I shot in RAW and I upped the exposure because that's the only way I could properly expose her skin. The dress is blown in almost every picture but the background in most of the pictures is well exposed, as is her skin. (In most of them.) I have been reading some of Scott Kelby's books and attempted to dodge and burn. Well, parts of the overexposed dress burned quite nicely and other parts still stayed way overexposed. So, I repeated the process over and over and over again, which never fixed the overexposure on several large blown spots on the dress.

Are there any other ways that I can fix blown spots on the dress without altering the background? I also tried selecting the dress and adjusting the exposure to bring the highlights back in but no matter how many different ways I tried this, something always looked off and seemed cut and pasted in.

Also, there are a couple where she is lit well, her dress is exposed nicely but the sky is way blown out. Again, how can I fix this without selecting it and changing the exposure?

If I adjust the exposure of the entire pictures, then my girlfriend looks way too dark and the picture looks underexposed. I got some pretty good shots so I hope I am able to fix them. Please help.

goatee
3rd of July 2007 (Tue), 11:19
Hi - I can't speak for the others, but what I do when shooting brides, is meter off the dress, and set +1 Exposure compensation - this seems to work pretty consistently to have the whites of the dress as bright as can be without being blown - though there may be better suggestions.

cosworth
3rd of July 2007 (Tue), 11:23
Asuming Photoshop on a PC here:

Open the RAW file and adjust exposure for background. Open file.

Open the same RAW file again and adjust exposure for the dress. Open file.

Select-all on the dress file. Copy. Paste it into the background file. Make sure the dress layer is highlighted and press the ALT key while clicking on the layer mask button.
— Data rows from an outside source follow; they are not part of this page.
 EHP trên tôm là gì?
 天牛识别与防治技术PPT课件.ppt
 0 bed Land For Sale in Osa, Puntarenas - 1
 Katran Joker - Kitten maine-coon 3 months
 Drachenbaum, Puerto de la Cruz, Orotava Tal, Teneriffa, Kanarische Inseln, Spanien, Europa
Select the decent sized brush with say %50 opacity and paint in the darker dress exposure over top the blown out dress.

cosworth
3rd of July 2007 (Tue), 11:25
...though there may be better suggestions.
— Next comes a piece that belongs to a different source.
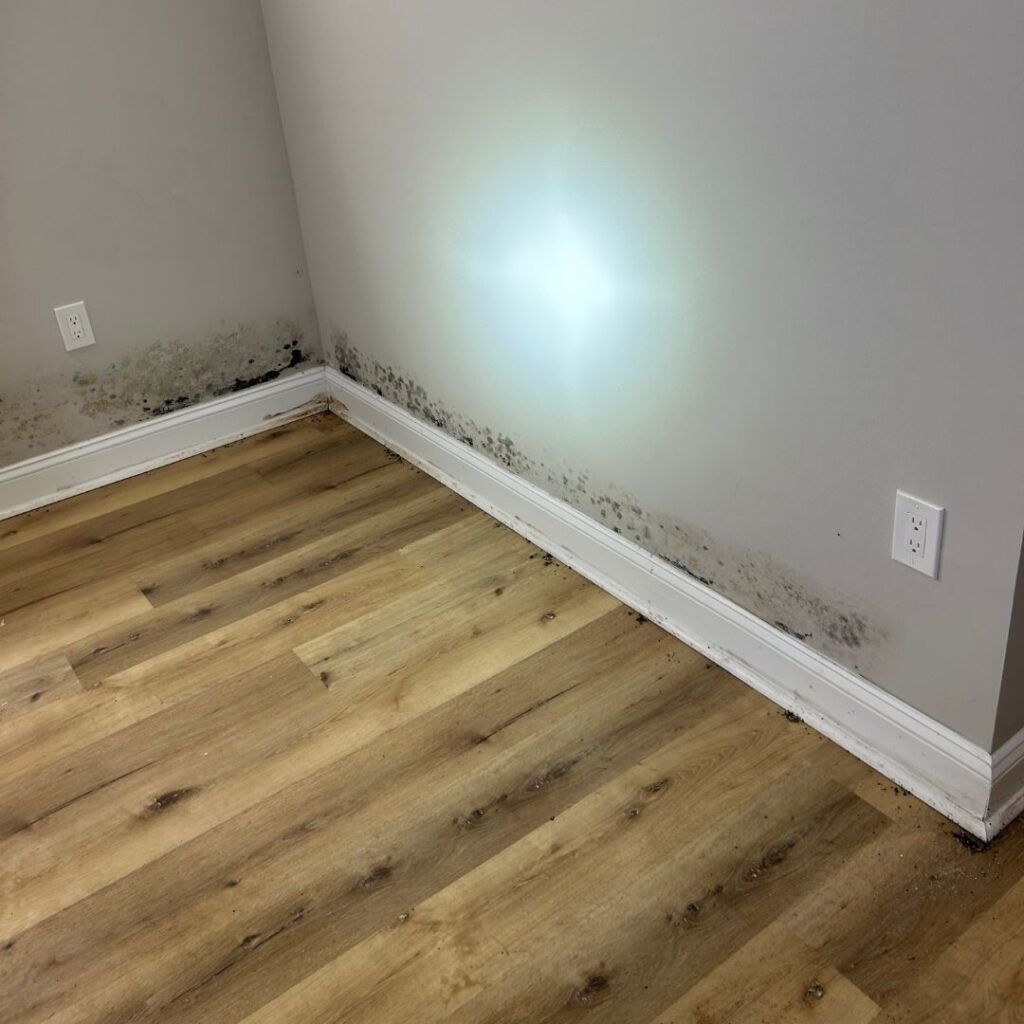 old above basement baseboards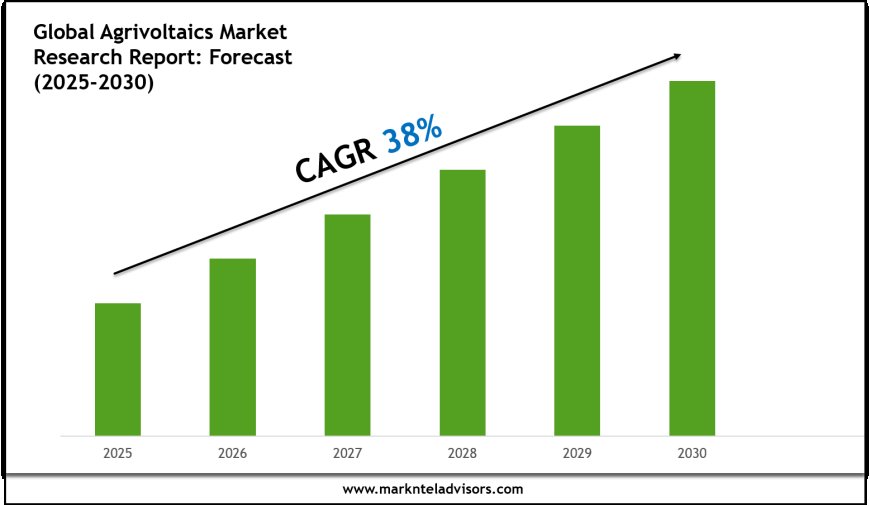 Agrivoltaics Market Outlook 2030 Trends, Growth & Demand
Spot metering, M mode, fill flash, magic pixies... the list is pretty long but we'd have to see the image and everyone's technique/comfort zone will vary.

BaliHai
3rd of July 2007 (Tue), 11:26
I was told in a Doug Gordon workshop to spotmeter just below the eye on the face and if it was a couple with different skintones spotmeter off the person with the lightest skintone.

LeesaB
3rd of July 2007 (Tue), 11:39
Show us a couple of the pics so we can see....

picturecrazy
3rd of July 2007 (Tue), 11:40
Worry about the dress and faces. Don't worry about blowing out the sky. It's just something that will always happen.

Phil V
3rd of July 2007 (Tue), 11:44
There's loads of metering techniques, but don't get confused, because there's one simple truth. DON'T BLOW THE HIGHLIGHTS.
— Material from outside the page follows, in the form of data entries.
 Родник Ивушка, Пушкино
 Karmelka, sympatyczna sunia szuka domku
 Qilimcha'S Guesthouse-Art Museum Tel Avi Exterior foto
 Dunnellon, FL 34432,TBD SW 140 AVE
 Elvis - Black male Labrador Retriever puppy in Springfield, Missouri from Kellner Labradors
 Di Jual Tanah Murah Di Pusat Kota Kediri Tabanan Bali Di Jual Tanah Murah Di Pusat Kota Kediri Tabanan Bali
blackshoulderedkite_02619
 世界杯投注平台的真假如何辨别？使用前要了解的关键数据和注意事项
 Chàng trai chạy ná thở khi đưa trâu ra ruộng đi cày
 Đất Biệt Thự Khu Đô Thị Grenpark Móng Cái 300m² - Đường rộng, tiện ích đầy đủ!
In the field, after you've set your exposure - check the histogram. You need the highlights to be far to the right - But not beyond the edge of the histogram. Basically you can dodge and burn all you like, but you can't recover highlights that aren't there.

As a few people have said, there's lot's of techniques and personal taste. Personally I don't care about blown skies if the people are exposed good. It's almost a given in the UK with our almost constant overcast skies, but the bride will want to see the detail in the dress.

italianfemmy
3rd of July 2007 (Tue), 11:49
How do I post a large RAW file here? That's what I can't figure out.

cosworth
3rd of July 2007 (Tue), 11:52
You upload it to your webspace and give us a link.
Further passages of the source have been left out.